“That’s bullshit.” Micah shook his head, looking frustrated. Maybe at me, maybe at the entire situation. “There’s nothing wrong with Moses. Nothing wrong with you and me either.”
There was a scoff on the other end of the phone. One I didn’t pass on to Micah.
It was a pointless argument. They weren’t able to understand. I did. Completely. Though still looking at Micah, I addressed Gilbert. “I’m just glad he texted you to let you know he called his folks, that he’s with them. He wasn’t returning any of my… our calls.”
“I bet that fucker Russell is loving every minute of this.” Gilbert’s growl was near deadly. “If you aren’t going to get Moses, then I will.”

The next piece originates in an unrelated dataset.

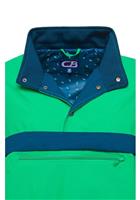 CB Sports 3-Snap Pouch Pullover - Men's - Green / Navy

“No. You’re not.” I sat up straighter, and all apology and guilt left my voice. I might feel like shit about how Gilbert found out, but I wasn’t putting Moses at risk because of it. “You’re going to leave it alone. He’s seventeen. Think about all he’s been through. If we force the issue right now, it will only push him further way. Russell’s a horrible person, but he’s not as bad as my father, and he’s smarter. Now that the law is involved, Moses will be safe, physically at least. If we force him back here, get the law involved, he’ll close off forever.”
“I seriously don’t know who you are right now.” And the disgust just continued to pour from Gilbert.
Micah didn’t look completely convinced, but he gave a small nod. “Maybe you’re right.”
I was right. I might be riddled with guilt and shame, I might be exhausted and spent, but on that point I was clear. I knew how it worked. I knew the power religion had, and I remembered the mind-fuck the Clarks could do with it. “Talk to Walden. I bet he’ll agree. I’m sure he or Lacy have some experience with kids in this situation. Well, maybe not Lacy, actually, since she’s only taught in Lavender Shores.”
“I don’t give a shit what—”
“Gilbert, stop. This isn’t up for debate.” I paused, softening my tone. “Think about what you’re feeling with what you saw. Just try to imagine what Moses is thinking.”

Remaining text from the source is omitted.